Unlike most of the other dinner guests, Kanner, the event’s master of ceremonies, is Ashkenazi; his parents came to Israel in 1939 from Austria. But he’s familiar with the Iranian Kurdish community thanks to his friend, Yosi Mizrachi, who hired him to emcee a previous event in Jerusalem’s Mamilla district. He also knows Ruhama Raz from her time in the IDF.
“In the years after Israel got independence, these people couldn’t find a place to live, so they settled in Mamilla. They actually lived in debris, without roofs or doors,” said Kanner, 74.
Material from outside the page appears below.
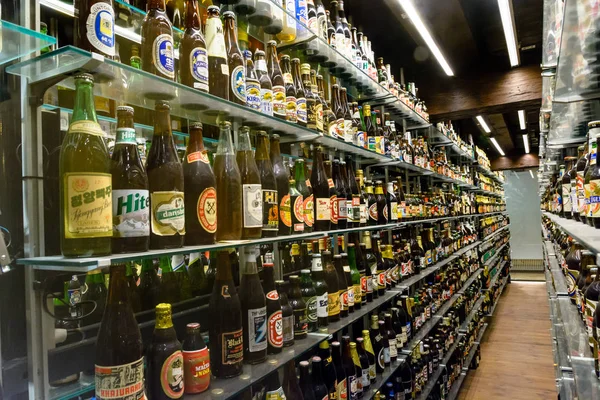 Carlsberg Müzesi bira koleksiyonu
“It’s very nice to see how many people from this community came here to reminisce. They’re really warm people, and everyone knows each other,” Kanner said as he watched cousins embracing, eating, laughing and praying together. It’s also nice, he added, that “there are so few people today who speak Aramaic, and these people are trying to save it. Sadly, we have today a generation that does not know its own history.”
Sweet memories of childhood
Sasson Naim has spent the better part of his 85 years trying to change that.
An accountant by profession, he’s president of the Worldwide Federation of Aramaic Speakers — a charity he established 10 days after Haham Shmuel’s passing in 1979.
“Aramaic is not dead for me. It’s my mother tongue,” said Naim, whose organization — operating on a shoestring budget — recently printed an Aramaic-Hebrew-English dictionary for the 50,000 or so people in Israel who still speak the ancient language.
But Naim’s most enduring memory is of learning Hebrew, not Aramaic. When he was 3 years old, Naim’s parents took him to the local synagogue in Saqqez where Haham Shmuel was teaching.
“My mother brought refreshments and cookies for all the children,” he recalled with emotion. “He wrote out all the letters, not in ink but in honey. And I had to lick it and swallow the letters. Since I loved him so much, every Shabbat I would go to the synagogue. There was a step made of black stone, and I would sit on that stone in winter and in summer for many hours, from early in the morning until arvit [evening prayer service] was over, just to hear his sermons.”
Bruchim’s lessons eventually paid off — preparing Naim well in advance for a successful, prosperous life in Israel.
“At the age of 4, I wrote the birkat hamazon [grace after meals] in Hebrew, in my own handwriting,” he said proudly. “The haham didn’t find even one mistake.”